Durch mein Auslandspraktikum in Ruanda wurde ich zudem auf das Thema Mikrofinanz aufmerksam. Die Frankfurt School ist in diesem Bereich sehr gut aufgestellt und ich konnte parallel zum Bachelor meinen Certified Expert in Microfinance, einen 6-monatigen Onlinelehrgang, erfolgreich absolvieren.

Hervorheben möchte ich auch die sehr gute Arbeit des Career Service, welcher einem bei Bewerbungen mit Tipps und Tricks helfend zur Seite steht. Zudem wird bei der Auswahl von Veranstaltungen sehr viel Wert darauf gelegt, die verschiedenen Karrieremöglichkeiten aufzuzeigen, welche sich den Studenten nach Abschluss des Studiums offenstehen.  Im Moment finden viele Veranstaltungen zum Gründen im Allgemeinen und Fintech im Speziellen statt, an denen ich auch selbst immer wieder teilgenommen habe und als Alumni auch weiterhin teilnehme.

Was ist deine schönste Erinnerung an deine Studienzeit an der Frankfurt School?

Eine meiner schönsten Studienerinnerungen war ein Event mit Christian Lindner, dem Bundesvorsitzenden der FDP, welches ich im Herbst 2016 an der Frankfurt School organisiert habe.
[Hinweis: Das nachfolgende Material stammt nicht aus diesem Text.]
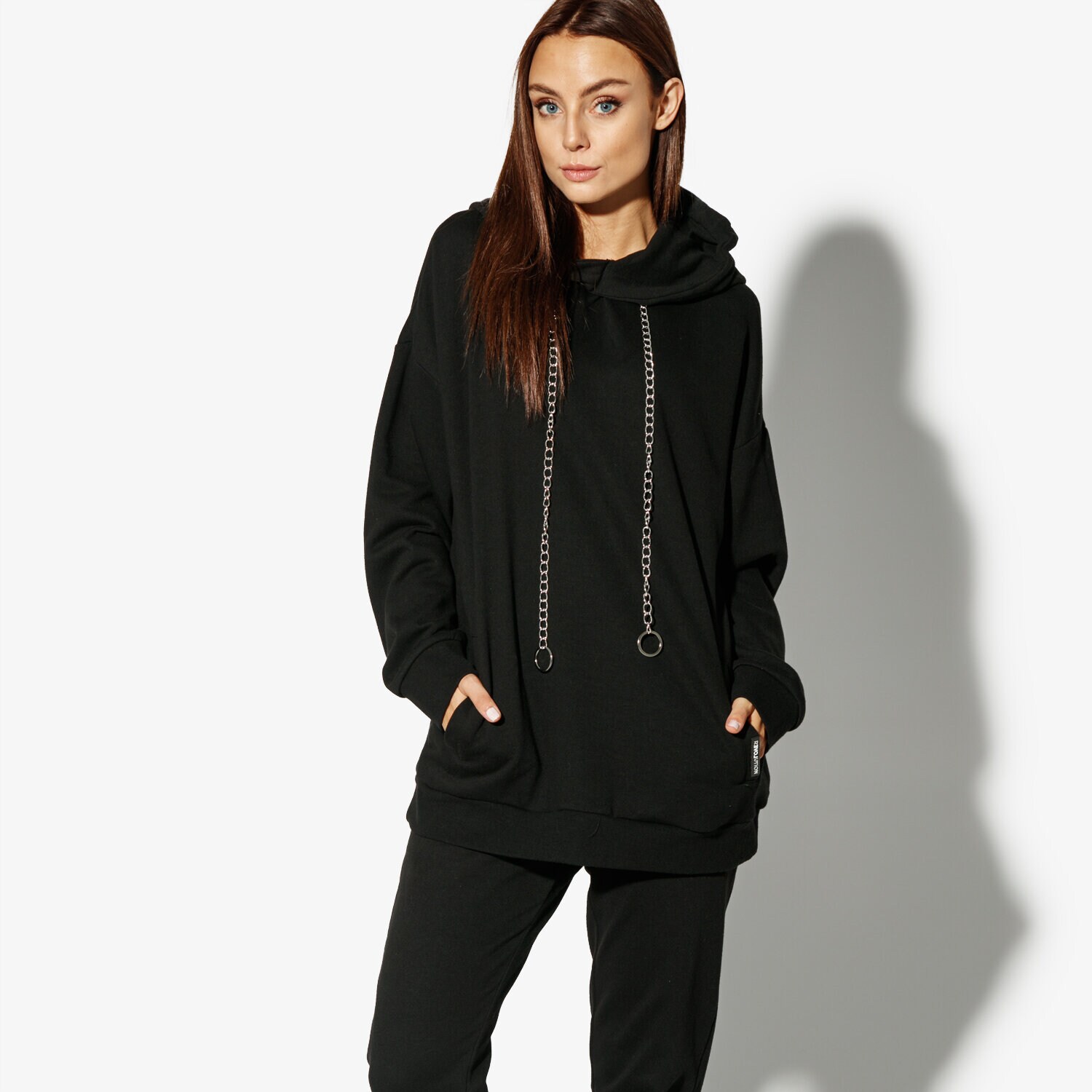 Damen CONFRONT SWEATSHIRT GLAM CF38BLD25001 Schwarz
Nachdem ich eigenständig bei dem Büro Herrn Lindners um einen Vortrag zum Thema Gründen in Deutschland angefragt und eine positive Rückmeldung erhalten hatte, bekam ich von Seiten der Frankfurt School viel Unterstützung bei der Organisation und Umsetzung des Events. Die Gewissheit, ein derartiges Event auf die Beine gestellt, und dafür auch den nötigen Freiraum sowie die nötige Unterstützung erfahre zu haben, zählen für mich zu den schönsten Erfahrungen meines Studiums.   

Welchen Tipp würdest du zukünftigen Studierenden an der Frankfurt School geben?

Bevor man sich auf ein Studium an der Frankfurt School einlässt, sollte man wissen, dass der Beginn hart wird. Fängt man an zu studieren, merkt man schnell - es ist noch härter! Aber: Durchhalten, durchhalten, durchhalten – wir haben es alle geschafft. Bleibt immer neugierig, hört nie auf zu fragen. Denn genau das sind die wichtigen Charaktereigenschaften, die im Privat- wie im Berufsleben wichtig sind.